Coronavirus cases have been rising sharply in Latin American countries, contributing to record numbers of new infections being registered globally.
Brazil has had more than 2.6 million confirmed cases - the second highest in the world after the US.
Mexico, Chile and Peru are also battling major outbreaks, and in the top 10 countries with the most confirmed cases.
So what are the main trends in Latin America?
The first confirmed case in Latin America was identified in Brazil in late February, although researchers have said there are indications that there were cases there as early as January.
Coronavirus has since spread to every country in the region, from Central to South America.
More than 4.7 million cases have been recorded, and more than 190,000 people have died, according to data compiled by the European Centre for Disease Control and Prevention.
The two most populous nations, Brazil and Mexico, have seen the highest number of deaths - more than 91,000 and 46,000 respectively.
Peru has had more than 18,000 confirmed deaths. And Chile has had more than 9,000 people dead, although the number of daily cases has been coming down.
Ecuador recorded one of the earliest and worst outbreaks in the region, although daily deaths here have now dropped.
How big is the epidemic in Latin America now?

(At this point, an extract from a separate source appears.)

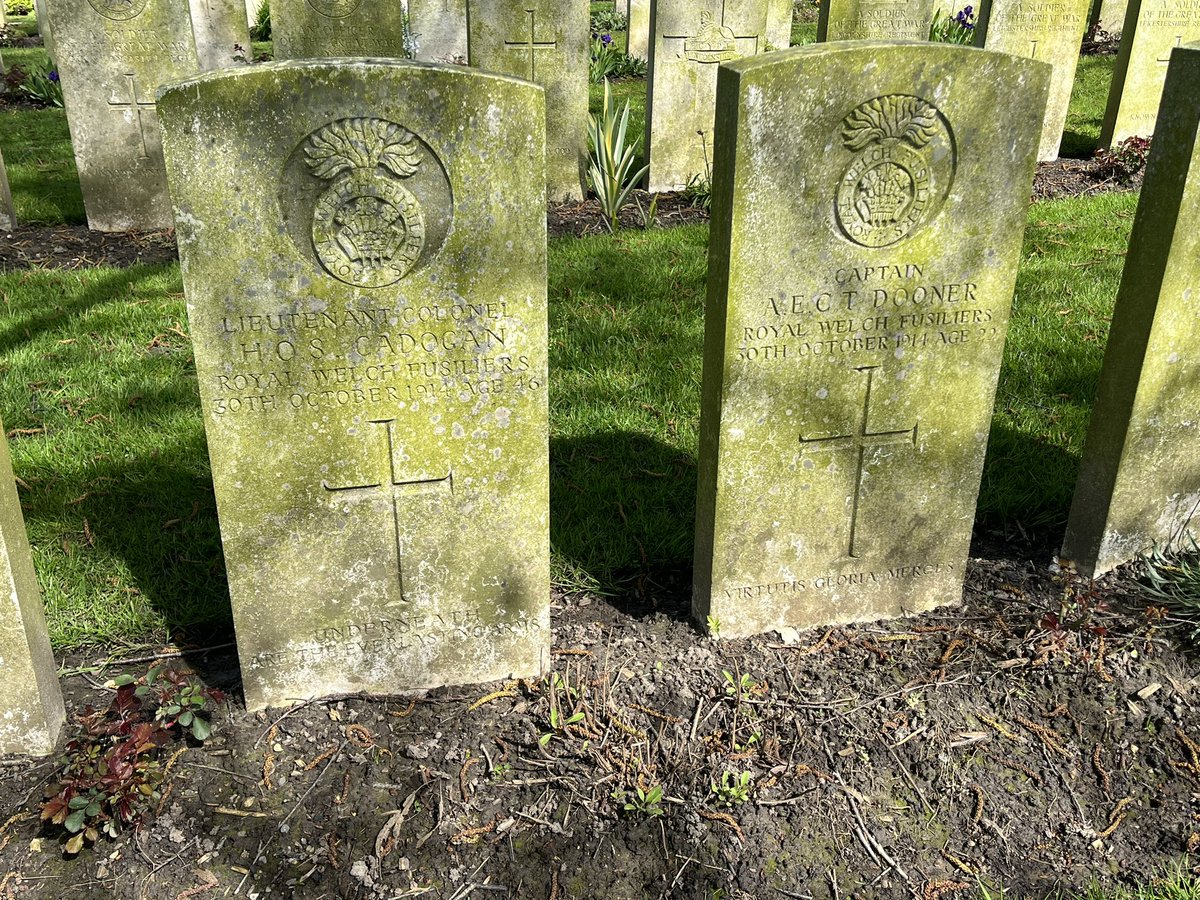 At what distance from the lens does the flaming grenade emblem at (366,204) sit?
2656 mm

Daily reported deaths in many Latin American countries remain high, as they drop in most countries in Europe.
You can see the differing trends when looking at Brazil, Mexico and Peru compared with three of the worst-hit countries in Europe in terms of deaths - the UK, Italy and France.
The head of the Pan American Health Organization, Dr Carissa Etienne has warned that coronavirus is spreading "exponentially" in many areas of the region.

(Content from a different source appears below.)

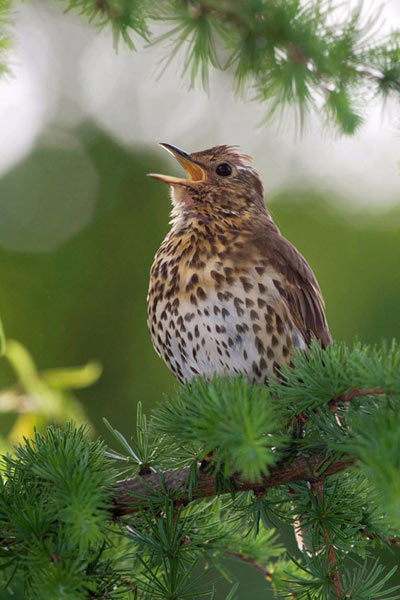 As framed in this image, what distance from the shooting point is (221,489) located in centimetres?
146

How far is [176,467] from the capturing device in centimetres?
154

Dr Etienne has said "there can be no doubt our region has become the epicentre" of the pandemic.
As daily cases continue to rise, there are concerns that healthcare systems could be overwhelmed, as has already been the case in Ecuador.
The number of deaths in Brazil, Mexico and Peru has been rising sharply. In Brazil, there've been record numbers of cases reported.
But researchers say both cases and deaths may be under-reported.
For example, a study by the University of São Paulo Medical School estimates the number of infections in Brazil could be up to 6 times higher than the official figure, with the lack of certainty about numbers due to the low levels of testing.
How much testing has been done?
Chile has one of Latin America's highest rates of testing - it's done around 82 tests per 1,000 people so far.
But testing across most of the region has been well below some other parts of the world, according to the most recent figures compiled by Our World in Data, a UK-based project which collates Covid-19 information.
Mexico has tested just over six people for every 1,000, and Brazil had tested nearly 12 in every 1,000 as of 21 July (the latest data available) - compared with more than 160 per 1,000 in the US (as of 31 July).
And of the tests these countries are doing, very high proportions are turning out to be positive, suggesting that they are not testing widely enough to find all cases.
What is being done to stop the spread?
As cases rapidly rose in Chile, the government tightened lockdowns across the country.
Mexico and Brazil have continued to take less severe lockdown measures than other Latin American countries.
Both have given out guidelines, but have not imposed national restrictions.
Brazil's President Jair Bolsonaro has repeatedly downplayed the risks of the virus, but then caught Covid-19 himself.
Marcia Castro, a global health professor at Harvard University, says that "the response in Brazil is far from ideal, and currently there is a lack of a uniform message coming from the leadership at different levels."
Other countries such as Argentina have imposed compulsory lockdowns.
Prof Castro says it is, along with Uruguay, among the countries in the region for now able to manage the spread.
Peru had one of the first and strictest national lockdowns in the region, which lasted until the end of June.
But it continued to see both cases and deaths rise.